When U.S. Navy Chief Petty Officer KC Duenas finished her degree program a few months ago at Southern New Hampshire University, she couldn't wait to receive her hard-earned diploma in the mail. As the weeks went by, she started to wonder where it was, even debating whether or not to call the university to track down its whereabouts. But really, she should have been looking closer to home.
It turns out, her husband, Chris, intercepted her diploma in the mail so that he could surprise Duenas with a graduation party and coordinate with SNHU to help deliver her diploma in-person to celebrate her accomplishment.
Duenas is currently serving active duty at Naval Base Kitsap-Bangor in Washington state and wasn't able to travel across the country to New Hampshire for Commencement in May, something she really hoped to do to show her daughter that college was within her reach. Her husband knew the next best thing was to bring Commencement to her.
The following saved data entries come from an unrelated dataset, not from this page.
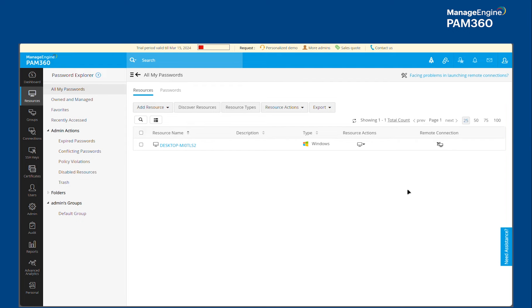Hello everyone. In this video, we're going to take a look at ManageEngine PAM 360 solutions integration with ManageEngine's Application Control Plus product.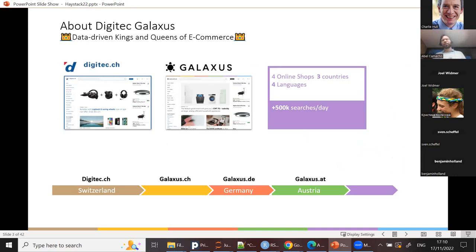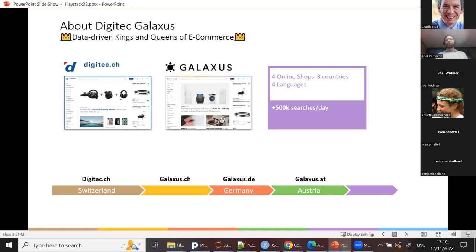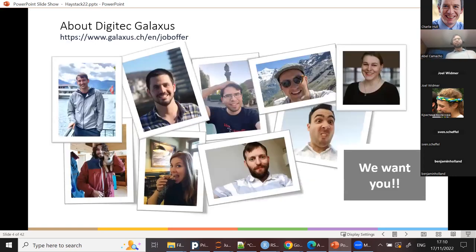We are Digitec Galaxus, the biggest e-commerce company in Switzerland. We also have shops in Germany and Austria. Our shop is available in English, French, Italian, and German. Our team is growing, so if you'd like to join, feel free — even if we're based in Switzerland, there are team members also in Germany.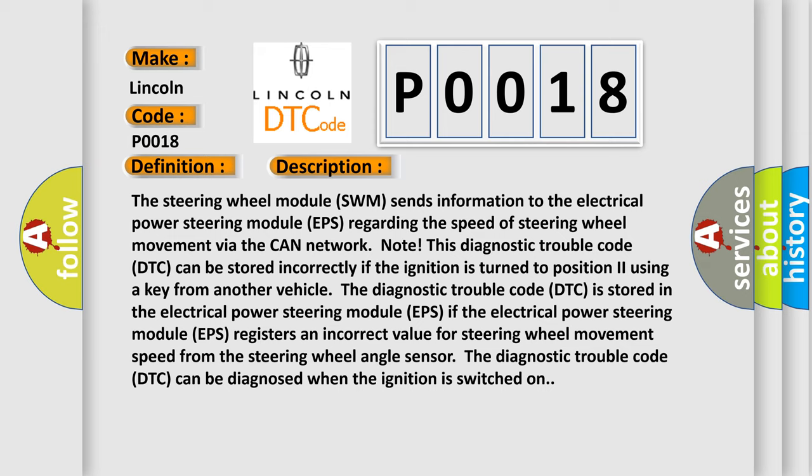The diagnostic trouble code (DTC) can be diagnosed when the ignition is switched on. This diagnostic error occurs most often in these cases.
He planned the event for weeks after seeing SNHU's most recent commercial.
"I wanted to surprise her, just because I'm so proud of her," said Chris Duenas. "She's a great mom, a great wife and a great student. She deserved this special moment."
He invited his wife's entire unit to surprise her and worked with Randy Plunkett, assistant vice president of military initiatives at SNHU, to pull off the surprise. On June 6, in Silverdale, Washington, Duenas got the surprise of a lifetime - and a chance to have her shining moment in her cap and gown with her entire unit and family there to celebrate.
"When I first realized what was going on, I was totally surprised," she said. "I didn't really think about it too much as being a big deal for myself, but more for my daughter. It was really just surprising to see everybody from my command that could make it, and that they were able to pull this together since I know it doesn't really happen very often."
Duenas received her bachelor's degree in psychology with a concentration in child and adolescent development and hopes to counsel military children in the future.
"It was important for me to get my degree while I'm still in the military because my daughter is still young and she sees that it's something that's important," Duenas said. "With education, you always have more to learn, whether you're going to school for a degree or just learning something new, no matter what it is."
Although Duenas fulfilled her lifelong goal of finishing her degree before leaving the military, something she often tries to counsel her sailors to do, she said she still has more to learn and plans to soon pursue a master's degree in social work.
"Education is important to me because I want to actually get into the education field working with kids and show them that it doesn't matter what your hardships are, what your troubles are, your issues are; you can always overcome and do something you don't think you can do," she said. "You are your own roadblock, so you have to find a way to go around it, go over it, go under it, dig a trench, figure out a way, it can be done."